En lisant les commentaires qui ont été écrits sur la réaction des artistes contre les coupes du gouvernement Harper en culture, un seul a retenu mon attention. Je ne me souviens plus de l'auteur, mais il disait en gros ceci: « Je n'ai pas envie qu'une partie de mes impôts finance quelqu'un qui a une vie plus intéressante que la mienne. «

Sérieux, je ne sais quoi répliquer devant tant de franchise. C'est un artiste, ce que je ne suis pas, qui devrait répondre. On a beau râler, l'idée romantique de l'artiste libre, sans contrainte, qui ne connaît pas la lente dépossession de soi par un travail abrutissant, est un mythe tenace. Aussi porteur d'espoir pour ceux qui chérissent le fantasme d'avoir une telle vie qu'il sert aux détracteurs des artistes, ces sangsues qui se payent du bon temps à la sueur des travailleurs.

 

Leur vie est plus intéressante que la nôtre...

Si on leur apprend, comme on l'a appris cette semaine, que Lucy Maud Montgomery, auteure d'Anne... la maison aux pignons verts, s'est suicidée, cela peut-il changer quoi que soit à leur perception? Nah...

Préférons-nous nos artistes dans la dèche ou dans le confort? Quelle importance accordons-nous à leurs réflexions selon qu'elles soient nées de la nécessité ou de l'abondance? L'écrivain a-t-il plus de profondeur lorsqu'il touche les bas-fonds ou lorsqu'il a la possibilité de s'élever au-dessus des contraintes du commun? Ça tombe mal comme question: la pire crise économique depuis 1929 nous pend au bout du nez.

Mes amis et moi, de temps à autre, jouons à un jeu cruel, qui consiste à penser contre soi. Juste pour voir ce que cela nous fait.

«Dans le fond, il est temps de faire le ménage dans cette bande de quêteux, et de les ramener à la loi fondamentale de l'espèce: la survie.

- Au bout du compte, les seuls qui continueront à créer sont ceux qui y croient vraiment. Cela nous épargnera un tas de mauvais bouquins.

- Cela ne peut leur faire que du bien d'en arracher: ils vont finir par comprendre que l'art, comme la guerre, exige un sacrifice.

- Veux-tu ben me dire à quoi servent les chaises à Goulet si on ne peut pas s'asseoir dessus?

- Vas te faire couper les cheveux, le pouilleux!»

Qu'est-ce que ça fait? C'est simple: ça fait du bien. L'exercice est très délassant pour l'esprit. Action, réaction. Problème, solution. Nous prenons congé de la complexité et des « oui, mais... « propres à la go-gauche. Quitte à entendre le mot culture, sortons notre revolver.

J'en oublie ceux qui ont sombré dans l'abîme du rêve.
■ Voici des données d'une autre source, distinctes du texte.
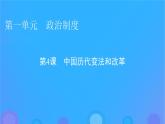 2022秋新教材高中历史第一单元政治制度第4课中国历代变法和改革课件部编版选择性必修1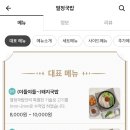 토종장터국밥 네이버블로그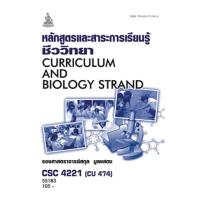 ราคา ตำราเรียน ม.ราม CSC4221 (CU474) หลักสูตรและสาระการเรียนรู้ชีววิทยา (16796922624)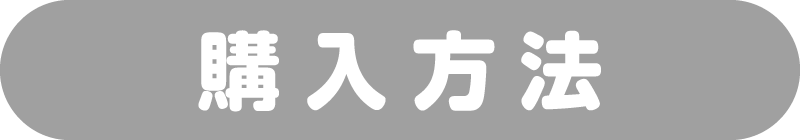 購入方法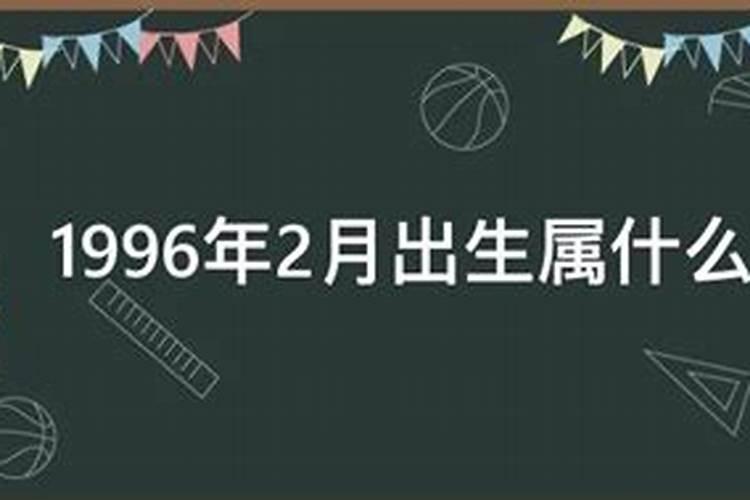 96年2月28这个月运势如何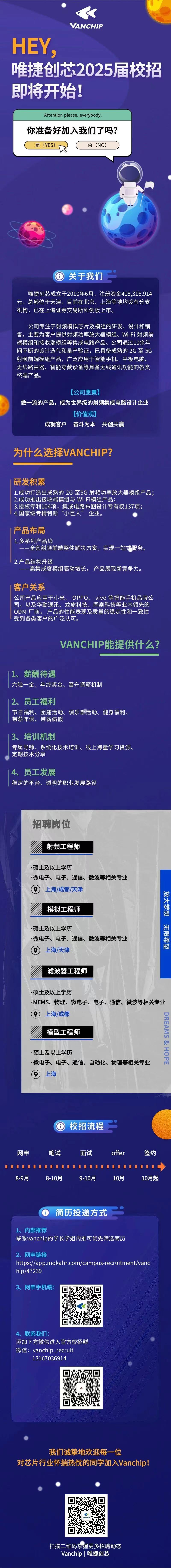 唯捷创芯：Capstone Capital、华泰证券等多家机构于9月5日调研我司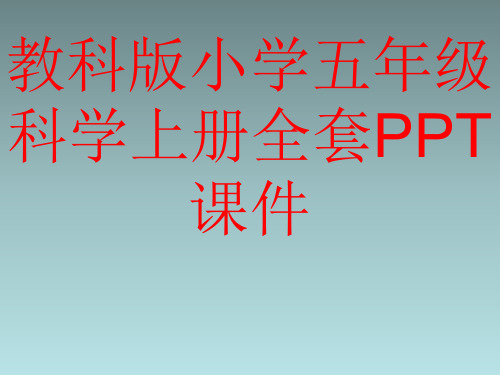 教科版小学五年级科学上册全套PPT课件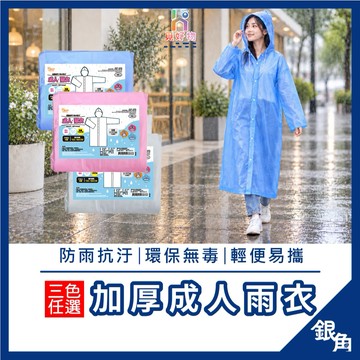 PVC雨衣 雨衣 成人雨衣 加厚雨衣 一件式雨衣 輕便雨衣 騎士雨衣 輕便雨衣 男女通用 防風雨衣 防水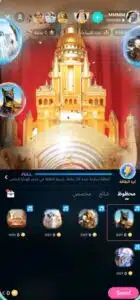 تنزيل برنامج ميكو Mico للاندرويد وللايفون اخر اصدار 2026 برابط مباشر 2 تنزيل برنامج ميكو Mico للاندرويد وللايفون اخر اصدار 2025 برابط مباشر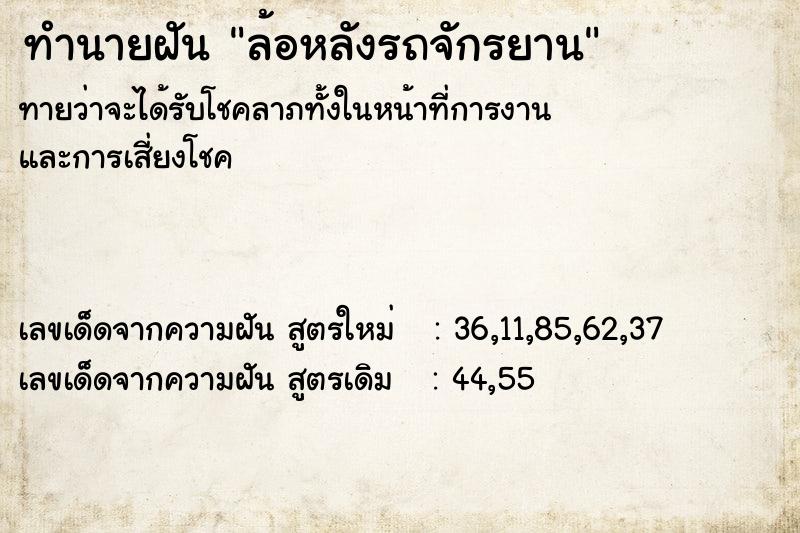 ทำนายฝัน ล้อหลังรถจักรยาน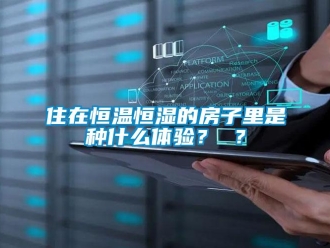 知識百科住在恒溫恒濕的房子里是種什么體驗？ ？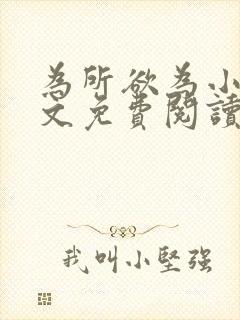 为所欲为小说全文免费阅读笔趣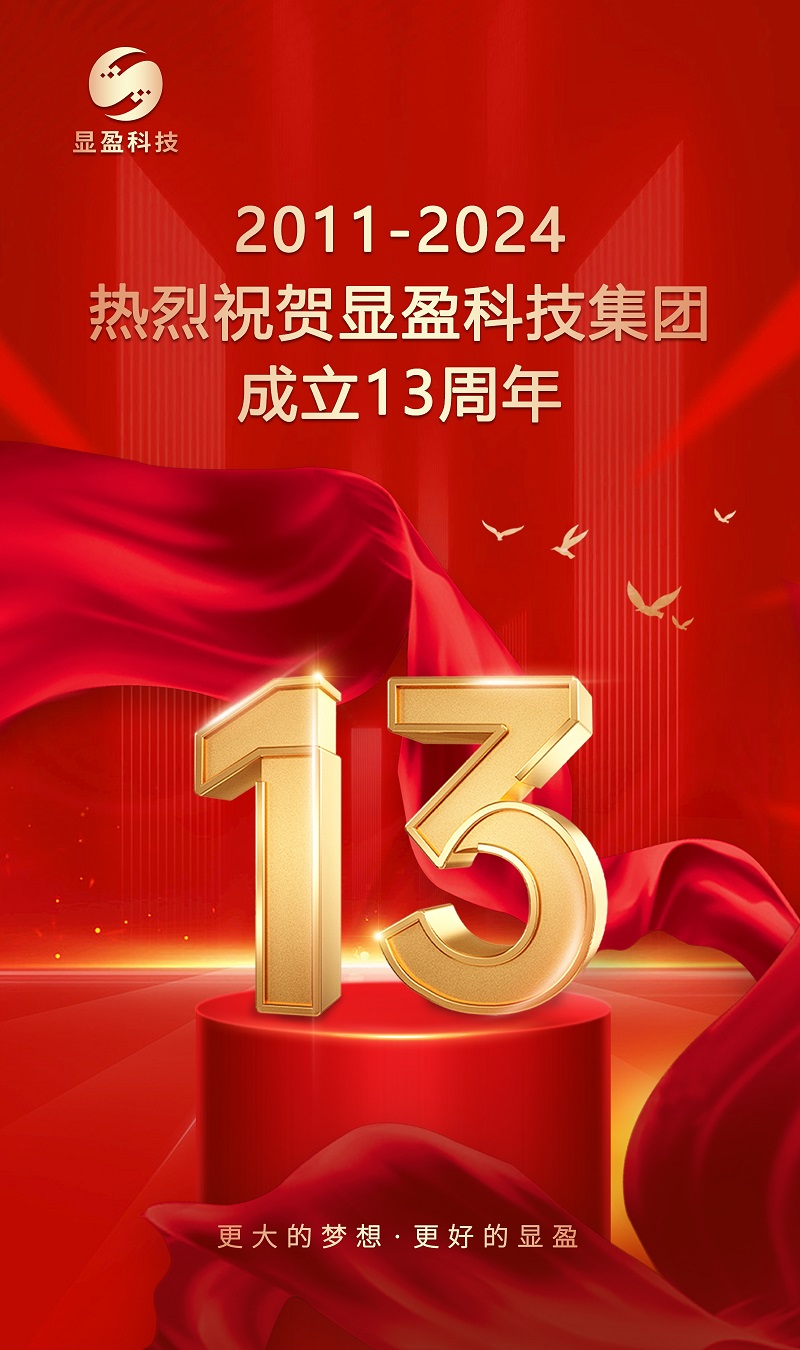 WPS图片(1).jpeg WPS图片(1).jpeg
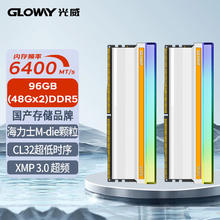 GLOWAY 光威 96GB(48GBx2)套装 DDR5 6400 台式机内存条 神策RGB系列 海力士M-die颗粒 CL32 助力AI券后2259元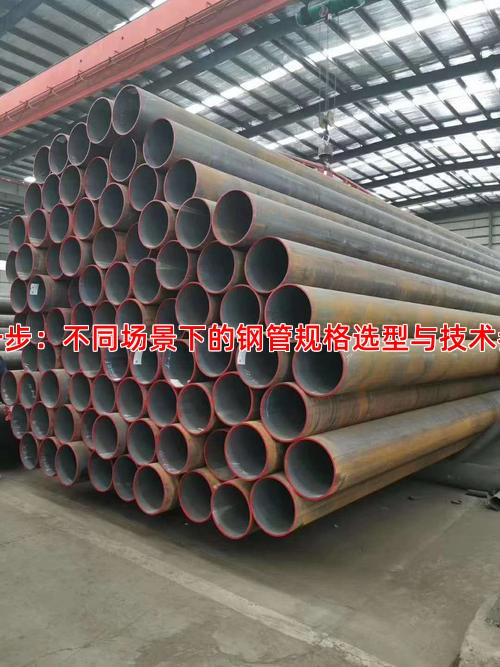 核心第一步：不同场景下的钢管规格选型与技术参数解读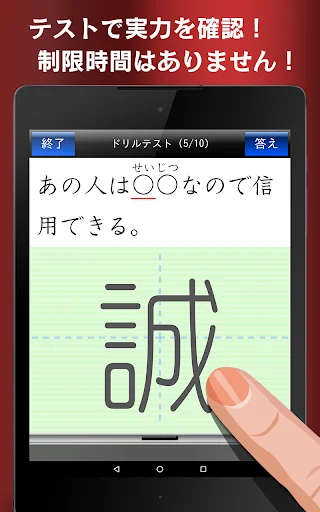 ดาวน์โหลด 中学生漢字５分間トレーニング ฟรี – ฝึกคันจิสำหรับนักเรียน - Screenshot 23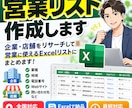 営業先をWebで調査して営業リストを作成します 企業・店舗をリサーチ！営業に使いやすいExcel一覧に整理！ イメージ1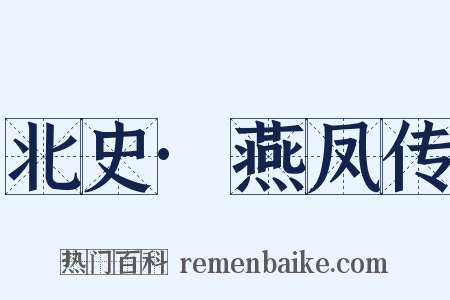 北史·燕凤传是什么意思的图片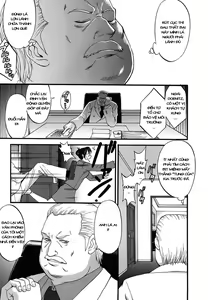 Page 227 of Boku no Seinen Kouken-nin - preview thumbnail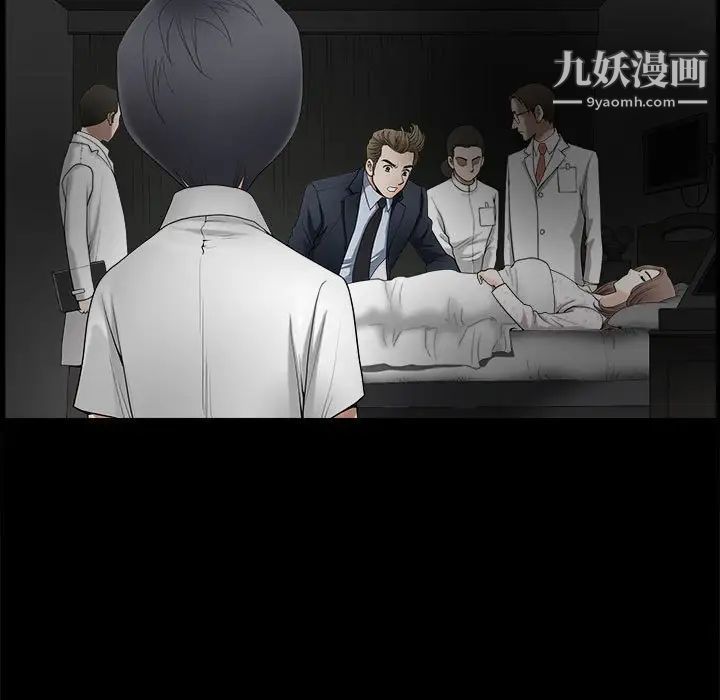 完美人偶第3话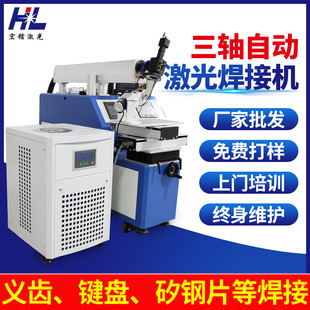 东莞厂家200W脉冲光纤激光焊接机传感器键盘焊接矽钢片焊接机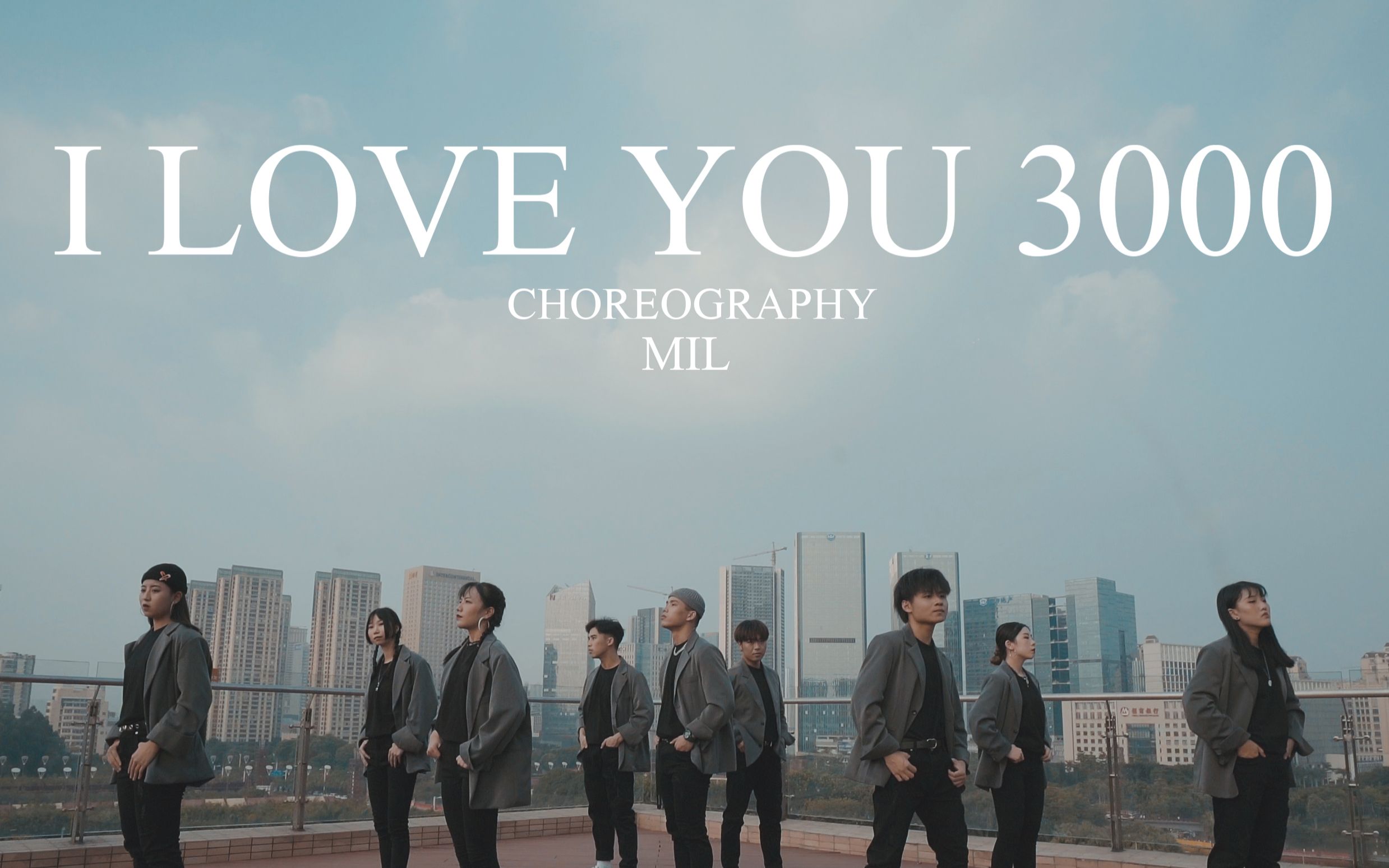 【王嘉尔】i love youu 3000 (remix) 编舞 神乐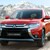 Nhà phân phối chính thức xe Mitsubishi khu vực miển nam, Đại lý bán xe Mitsubishi Outlander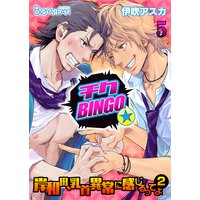 チクBINGO★岸和田、乳首異常に感じるってよ(2)5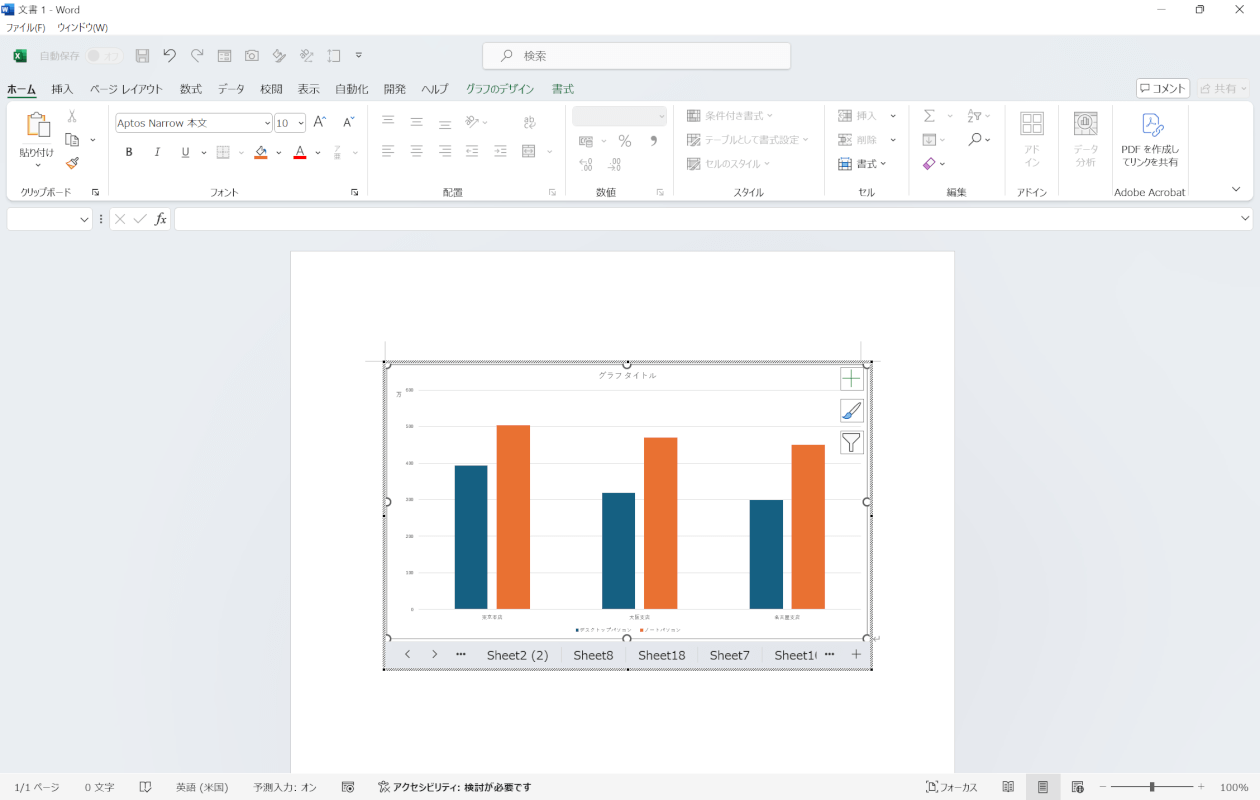 Wordの中でExcelが開く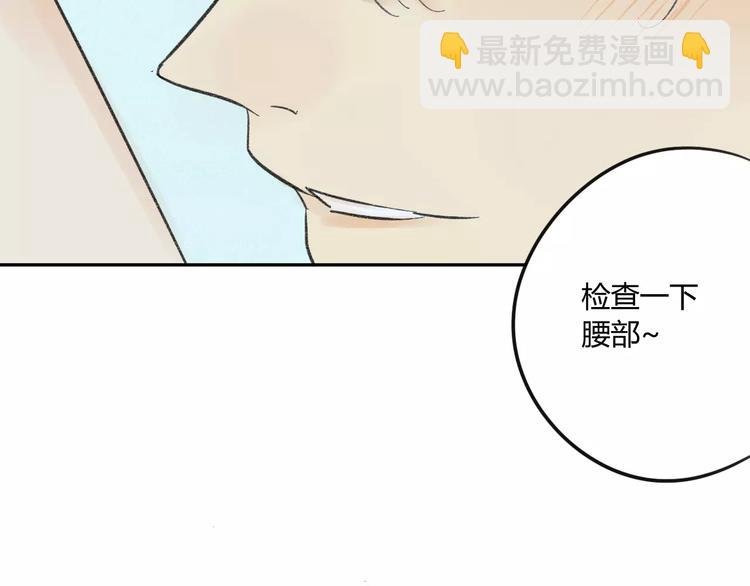 番外篇3 做梦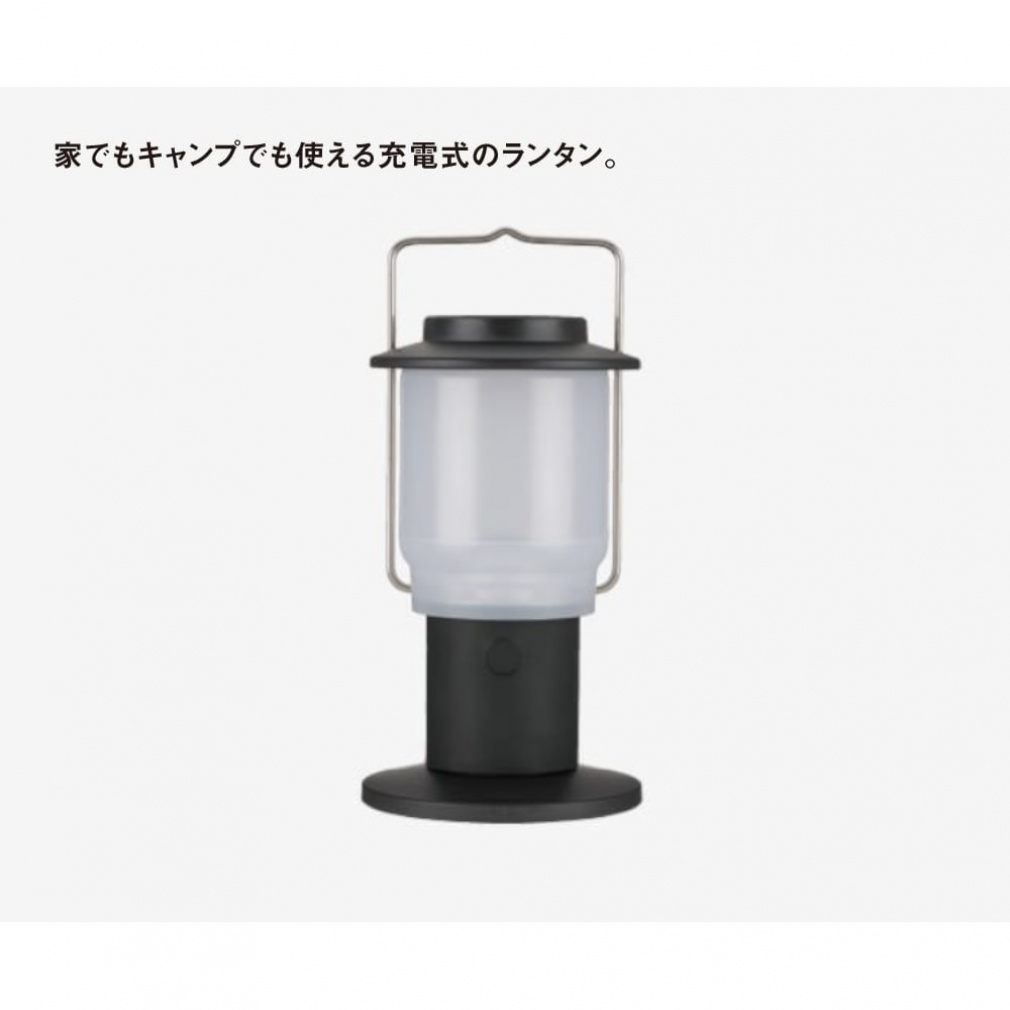 Xm[s[N HOMECAMP^ ubN ES-080-BK Lv ^ LED M snow peak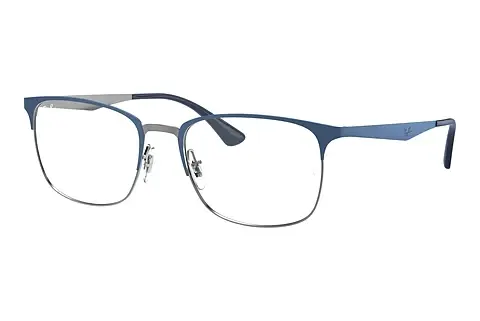 Designerbrillen Ray-Ban RX6421 3041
«La bohème, ce désespoir couleur café-crème», écrivait Louis-Ferdinand Céline, alias Docteur Destouches, qui retapait ses malades tout en écrivant l'une des grandes oeuvres de son siècle. Bukowski, qui l'admirait, se farcissait des boulots pénibles et se vengeait le soir en tapant sur sa machine à écrire. «Garde le désespoir embouteillé, écrit-il à Jim Roman en 1965. Nous finirons tous sous une poignée de fleurs séchées.» Sur sa tombe, cette mise en garde: Don't Try...

«La bohème n'est pas un chemin mais un cul-de-sac», écrivait Henry Murger, qui lui a donné ses lettres de noblesse, avant de mourir du purpura dans d'atroces souffrances. «Vivez d'expédients», conseillait Cioran, qui mangeait dans les cafétérias des universités.

Combien d'écrivains le sont devenus pour conjurer la fatalité? Ne faisons-nous pas de même en les lisant? Je me souviens qu'à l'époque étriquée de mes études, il me suffisait d'ouvrir un livre pour oublier que j'étais pauvre. Entourée de livres, je me suis toujours sentie riche, même si j'en ai vendu plusieurs à L'Échange pour boucler des fins de mois difficiles. Cela ressemblait aux Combustibles de Nothomb, je ne gardais que les écrivains qui étaient pour moi aussi vitaux que le pain. Quand on parle de l'importance de la culture, en ce qui me concerne, ce n'est pas pour faire joli dans les conversations. C'est que parfois, on en a vraiment besoin. Dans ces moments extrêmes où nous ne savons plus trop qui de l'artiste ou de son public aide l'autre, mais où il est clair que nous ne pourrions supporter l'existence tout seuls.